A 2012 study from Global Strategy Group, commissioned by worldwide architectural firm Woods Bagot, found that 96 percent of those of business decision makers surveyed believe students are only "somewhat" or not at all prepared to succeed in the business world. With an increasingly competitive job market during a hurting economy, career development for college students is crucial.
As the manager of Magic Johnson Foundation's Taylor Michaels Scholarship Program, the fall represents my time to focus on both internal and external career development initiatives for our scholars. I work with students who have experienced socio-economic challenges throughout their lives. They may or may not succeed in school and life. Our goal is to support them holistically through scholarships, technology resources, moral support, and career readiness resources. To combat the statistics of student unpreparedness in the workplace, we authored a new Career Development Rubric (CDR) curriculum. By providing resources, tools, and motivation, we've found you can prepare students to thrive in the global workplace upon completion of high school, college, or graduate school.
Step 1: The Basics
The process begins when "Rookie" scholars enter our program the summer before their freshman year. This is the time to teach core concepts such as networking, self-assessment, and market analysis. We provide opportunities to exercise critical skills like developing one's personal brand, internship prospecting, and the elevator pitch to empower students as they grow through college.
Step 2: Stay Involved
After freshmen are introduced to these methods, we launch them on a developmental trajectory towards continued success. This is the time to build the confidence, knowledge base, and skill sets of our scholars through increasingly sophisticated annual goal setting. Continually engage students with weekly program updates, anytime access to counsel, and volunteer and career opportunities.
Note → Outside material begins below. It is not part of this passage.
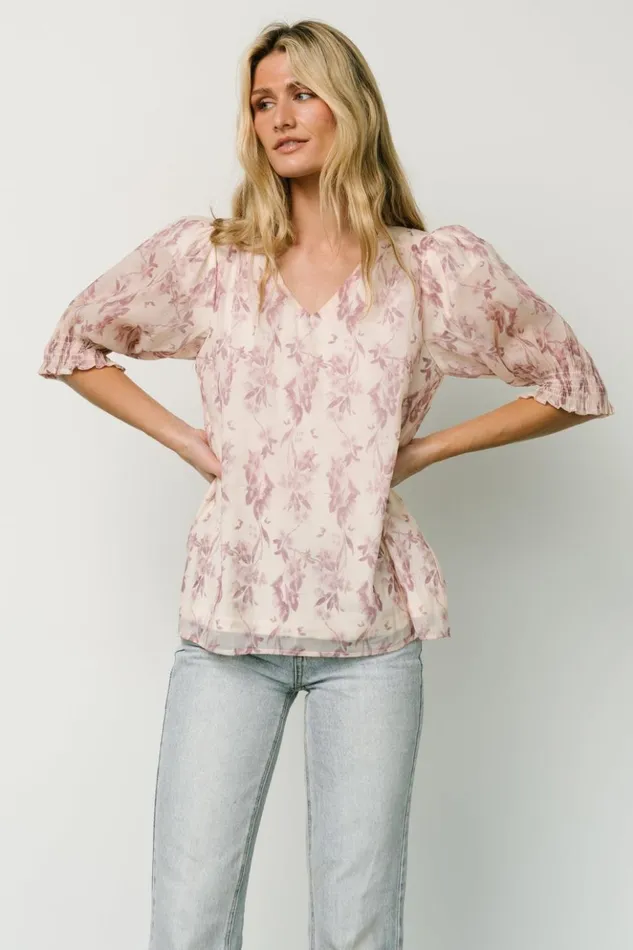 Baltic Born Blouses and Shirts Cordova Top Beige Mauve Floral 8211 Women Baltic Born Blouses and Shirts Cordova Top Beige Mauve Floral 8211 Women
Step 3: Establish Accountability
Our annually renewable scholarship awards provide the framework to hold our scholars responsible for consistent progress and growth towards their degree. Aside from submitting grades after each term, students must attend mandatory advisory sessions to review progress from the current year, and set goals for the future each year.
Personally following up with each of our students ensures they know we care and establishes accountability for their own goals, which we focus on during each counseling session. Our counsel, encouragement, and oversight have resulted in high achievement amongst students at risk based on serious socio-economic disadvantages. Our graduates hold PhDs in chemistry, own small businesses, attend Harvard Medical School, teach children in Denver Public Schools, back-up sing for Katy Perry, hold MWS degrees in social work, attend pharmacy school, work for Paul Weiss law firm, and much more.
We see signs that our career development model will work for high school students as well. Through initial workshops I've conducted in classrooms with 100 high school seniors through our partners at the Fulfillment Fund, we discovered the curriculum motivated and prepared 70 percent of students to take action to develop their future careers. Ultimately, to change the statistics from the Woods Bagot survey and ensure students become valuable members of the workforce, schools, teachers and organizations need to invest in early and extensive career development training.